> [DATA EXTRACT]
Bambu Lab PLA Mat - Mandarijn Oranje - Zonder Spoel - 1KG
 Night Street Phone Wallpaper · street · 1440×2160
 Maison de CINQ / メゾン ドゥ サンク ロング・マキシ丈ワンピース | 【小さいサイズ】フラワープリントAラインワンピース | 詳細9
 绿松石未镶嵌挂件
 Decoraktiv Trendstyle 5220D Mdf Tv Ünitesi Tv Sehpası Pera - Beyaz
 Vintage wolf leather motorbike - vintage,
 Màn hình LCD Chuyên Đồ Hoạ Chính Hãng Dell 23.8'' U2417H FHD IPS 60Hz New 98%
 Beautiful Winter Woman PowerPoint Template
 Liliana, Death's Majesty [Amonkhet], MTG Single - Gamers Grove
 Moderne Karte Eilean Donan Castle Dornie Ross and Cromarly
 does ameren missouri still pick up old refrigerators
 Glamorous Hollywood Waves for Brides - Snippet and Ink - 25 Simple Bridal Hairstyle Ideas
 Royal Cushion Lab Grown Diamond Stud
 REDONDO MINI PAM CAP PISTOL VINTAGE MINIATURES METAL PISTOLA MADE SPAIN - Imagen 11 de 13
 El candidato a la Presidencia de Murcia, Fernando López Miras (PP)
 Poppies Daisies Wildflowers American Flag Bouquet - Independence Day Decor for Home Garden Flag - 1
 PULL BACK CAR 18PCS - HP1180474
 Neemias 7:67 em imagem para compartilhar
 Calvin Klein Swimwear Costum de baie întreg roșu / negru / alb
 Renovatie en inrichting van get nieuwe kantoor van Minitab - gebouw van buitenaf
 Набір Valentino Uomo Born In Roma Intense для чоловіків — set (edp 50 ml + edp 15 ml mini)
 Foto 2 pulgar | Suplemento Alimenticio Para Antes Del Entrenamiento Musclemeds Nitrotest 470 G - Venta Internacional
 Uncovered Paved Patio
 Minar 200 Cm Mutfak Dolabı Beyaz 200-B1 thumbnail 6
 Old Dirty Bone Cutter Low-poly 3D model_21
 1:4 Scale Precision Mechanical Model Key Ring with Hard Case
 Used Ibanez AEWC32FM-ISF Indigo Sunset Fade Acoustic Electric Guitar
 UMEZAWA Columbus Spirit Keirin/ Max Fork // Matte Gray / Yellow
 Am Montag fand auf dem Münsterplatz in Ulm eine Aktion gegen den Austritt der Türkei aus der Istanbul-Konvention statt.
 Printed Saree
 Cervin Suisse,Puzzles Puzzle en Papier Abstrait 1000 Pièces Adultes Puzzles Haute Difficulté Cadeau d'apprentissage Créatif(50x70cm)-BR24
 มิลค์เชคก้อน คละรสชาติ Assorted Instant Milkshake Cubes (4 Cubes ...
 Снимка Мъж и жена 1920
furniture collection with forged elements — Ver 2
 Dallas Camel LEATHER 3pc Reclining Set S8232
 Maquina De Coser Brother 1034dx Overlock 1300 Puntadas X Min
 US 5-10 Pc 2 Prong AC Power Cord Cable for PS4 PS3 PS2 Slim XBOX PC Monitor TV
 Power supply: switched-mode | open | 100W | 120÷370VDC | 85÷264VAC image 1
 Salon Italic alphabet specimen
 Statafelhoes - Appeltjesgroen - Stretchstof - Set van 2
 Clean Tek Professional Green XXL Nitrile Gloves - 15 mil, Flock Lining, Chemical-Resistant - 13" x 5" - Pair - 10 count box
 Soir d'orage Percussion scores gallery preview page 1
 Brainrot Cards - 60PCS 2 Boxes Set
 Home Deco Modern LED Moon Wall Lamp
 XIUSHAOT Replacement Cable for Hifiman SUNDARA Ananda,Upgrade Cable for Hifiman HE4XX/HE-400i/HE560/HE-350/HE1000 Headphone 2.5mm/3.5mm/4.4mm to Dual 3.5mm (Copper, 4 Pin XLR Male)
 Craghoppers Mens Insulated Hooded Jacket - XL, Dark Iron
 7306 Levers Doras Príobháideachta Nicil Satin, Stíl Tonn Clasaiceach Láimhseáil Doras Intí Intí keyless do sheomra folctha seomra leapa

> [INSTRUCTIONS TO FOLLOW]
Every line in the data that holds the string "Beyaz" should be returned.

> [SOLUTION FOR THIS EXERCISE]
 Decoraktiv Trendstyle 5220D Mdf Tv Ünitesi Tv Sehpası Pera - Beyaz
 Minar 200 Cm Mutfak Dolabı Beyaz 200-B1 thumbnail 6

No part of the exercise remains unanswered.